START Supplied data

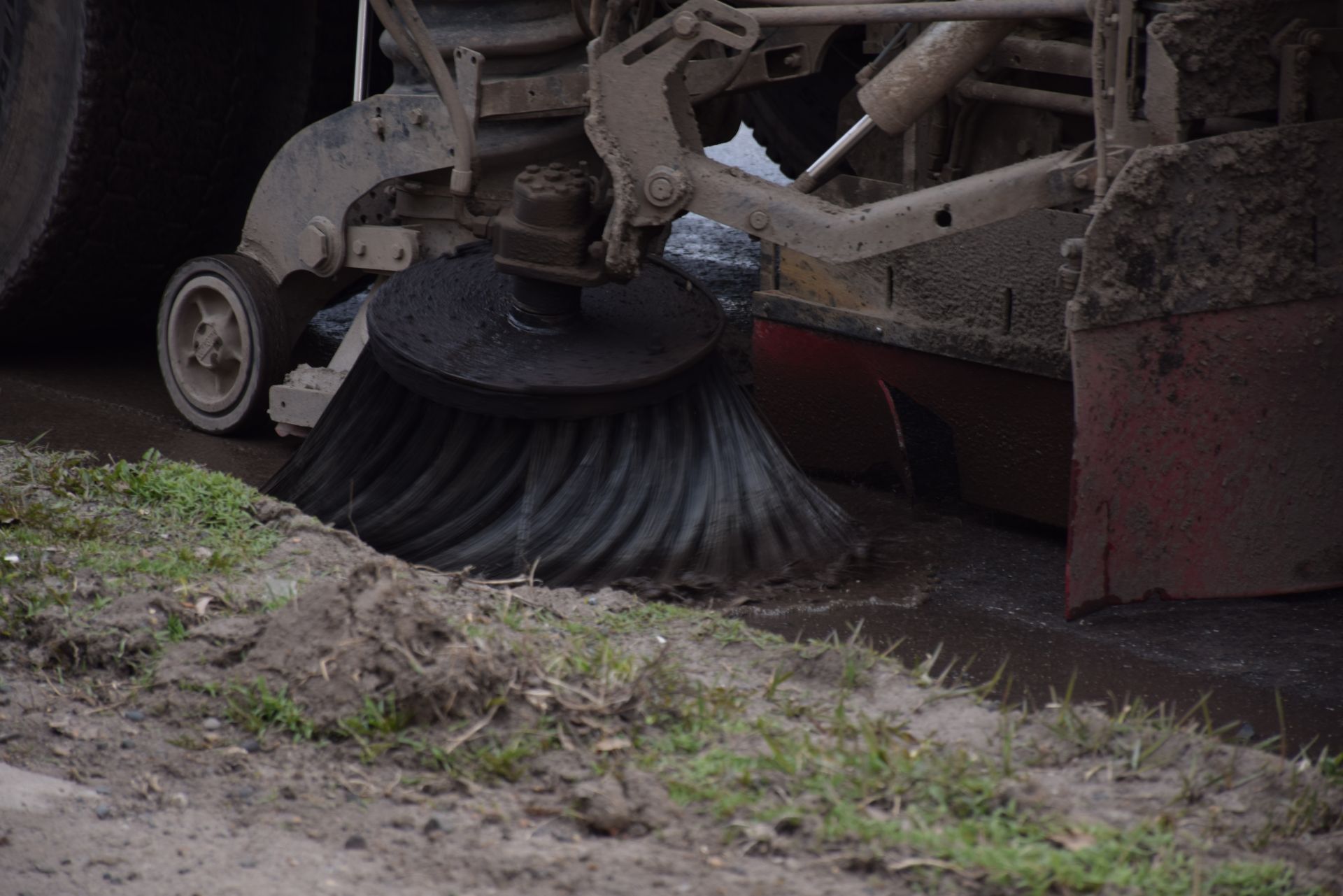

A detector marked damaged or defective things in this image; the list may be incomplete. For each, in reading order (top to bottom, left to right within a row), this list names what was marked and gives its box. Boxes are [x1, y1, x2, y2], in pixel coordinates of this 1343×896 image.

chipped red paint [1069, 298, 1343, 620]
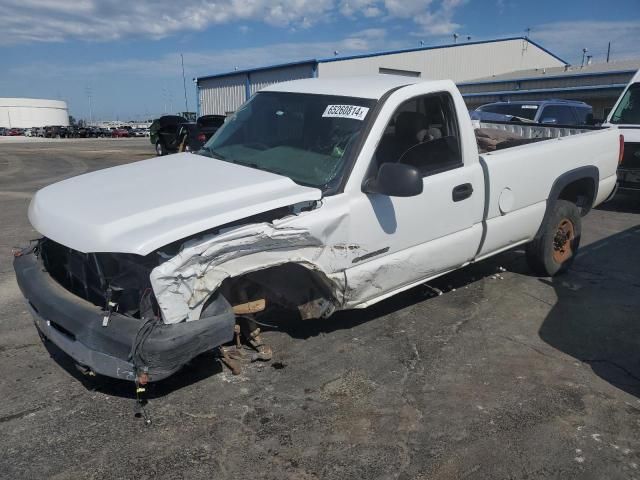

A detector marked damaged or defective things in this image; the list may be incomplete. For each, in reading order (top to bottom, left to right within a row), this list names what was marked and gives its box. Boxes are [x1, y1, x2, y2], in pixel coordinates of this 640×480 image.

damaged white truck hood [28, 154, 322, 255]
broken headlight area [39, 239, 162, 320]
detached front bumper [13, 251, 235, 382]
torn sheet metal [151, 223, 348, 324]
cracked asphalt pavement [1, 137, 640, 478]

END Supplied data

* Brief *
Each line above should be written out again exactly, and no picture should appear in the copy.

* Exercise result *
A detector marked damaged or defective things in this image; the list may be incomplete. For each, in reading order (top to bottom, left to right within a row), this list names what was marked and gives its box. Boxes are [x1, y1, x2, y2], in pixel coordinates of this 1343×896 image.

chipped red paint [1069, 298, 1343, 620]

A detector marked damaged or defective things in this image; the list may be incomplete. For each, in reading order (top to bottom, left to right within a row), this list names what was marked and gives its box. Boxes are [x1, y1, x2, y2], in pixel coordinates of this 640×480 image.

damaged white truck hood [28, 154, 322, 255]
broken headlight area [39, 239, 162, 320]
detached front bumper [13, 251, 235, 382]
torn sheet metal [151, 223, 348, 324]
cracked asphalt pavement [1, 137, 640, 478]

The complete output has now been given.